I'm pretty sure he means Neptune's notes. They are hilarious, especially the one about comparing the single subbie to the married subbie.

Did google search but nothing came up. :-[


----------



## Rhibwolf (14 Mar 2006)

Arrrgh,  :-[
Freudian Slip.  I had Nelson on the brain when I typed that.  I did mean Neptune's Notes - that tongue in cheek set of orders for subbies etc.


----------



## Phrontis (15 Mar 2006)

There was actually a message cut in the 80s from NDHQ directing everyone to destroy their copies of Neptune's Notes after a story hit the papers about how the Navy was providing guidance to its junior officers on how to pick up women, etc.

I believe there are still some copies in existence, though.

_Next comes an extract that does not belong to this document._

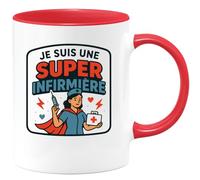 quotedazur - Mug Personnalisé Tasse Cadeau Femme Original Humour Je Suis Une Super Infirmière - Rouge/Céramique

In the 90s VENTURE tried to produce a cleaned up version, but it really lacked the entertaining readability of its forerunner.


----------



## SBruce (15 Mar 2006)

For some reason I spent way to long looking for these notes on the net (no luck but I did waste a good 45 min of my life)

I did find this which made me laugh a bit so I thought you guys might want a look

http://www.bluejacket.com/humor_navylife.html

sorry if posted before, didn't see it anywhere here


----------



## navymich (15 Mar 2006)

They always take the good things away from us.  Glad I still have my copy of the old Dolphin codes!


----------



## Rhibwolf (15 Mar 2006)

Thanks SBruce,
Stove Manned


----------



## Gino (17 Mar 2006)

Phrontis said:
			
		

> There was actually a message cut in the 80s from NDHQ directing everyone to destroy their copies of Neptune's Notes after a story hit the papers about how the Navy was providing guidance to its junior officers on how to pick up women, etc.
> 
> I believe there are still some copies in existence, though.
> 
> In the 90s VENTURE tried to produce a cleaned up version, but it really lacked the entertaining readability of its forerunner.

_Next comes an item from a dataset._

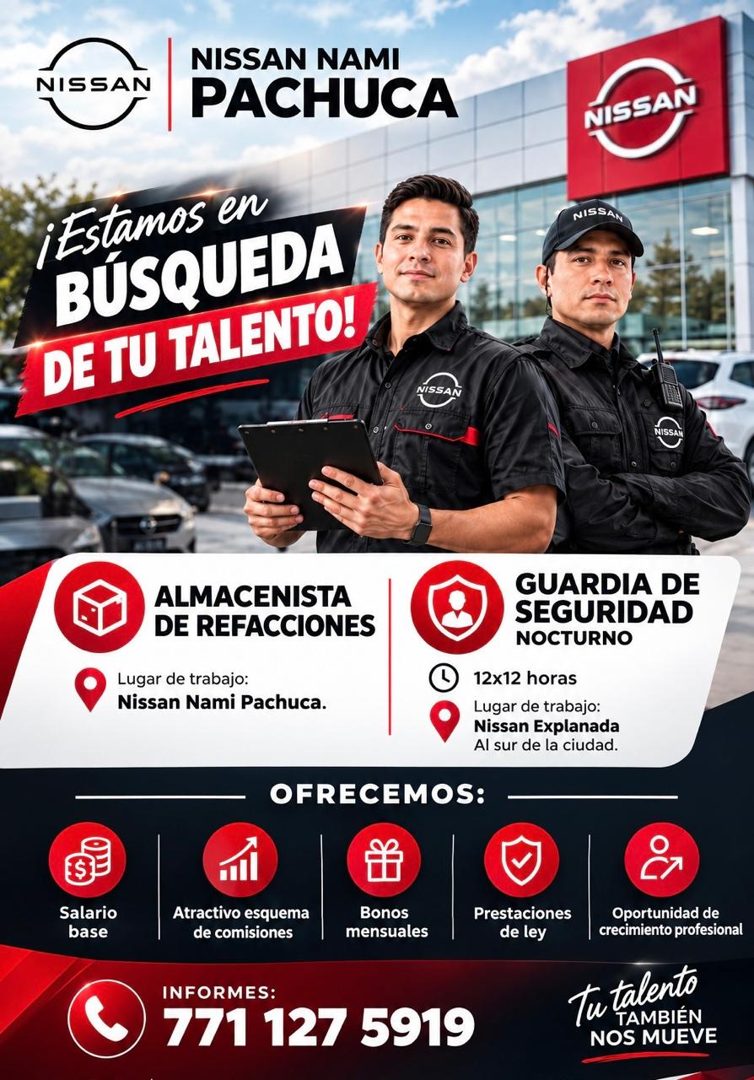 Banner del anuncio de la vacante: NISSAN · NISSAN NAMI · PACHUCA · NISSAN · ¡Estamos en · BÚSQUEDA · DE TU TALENTO! · NISSAN · NISSAN · NISSAM · ALMACENISTA · DE REFACCIONES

I remember something about that.  A bit too reminiscint of Nazi book burning for my liking.

For Rhibwolf:  Ask and ye shall receive


----------



## Rhibwolf (17 Mar 2006)

Gino, PM inbound -RW


----------



## Neill McKay (17 Mar 2006)

Gino said:
			
		

> For Rhibwolf:  Ask and ye shall receive



If you have it, may I ask and receive as well please?


----------



## SBruce (17 Mar 2006)

Neill McKay said:
			
		

> If you have it, may I ask and receive as well please?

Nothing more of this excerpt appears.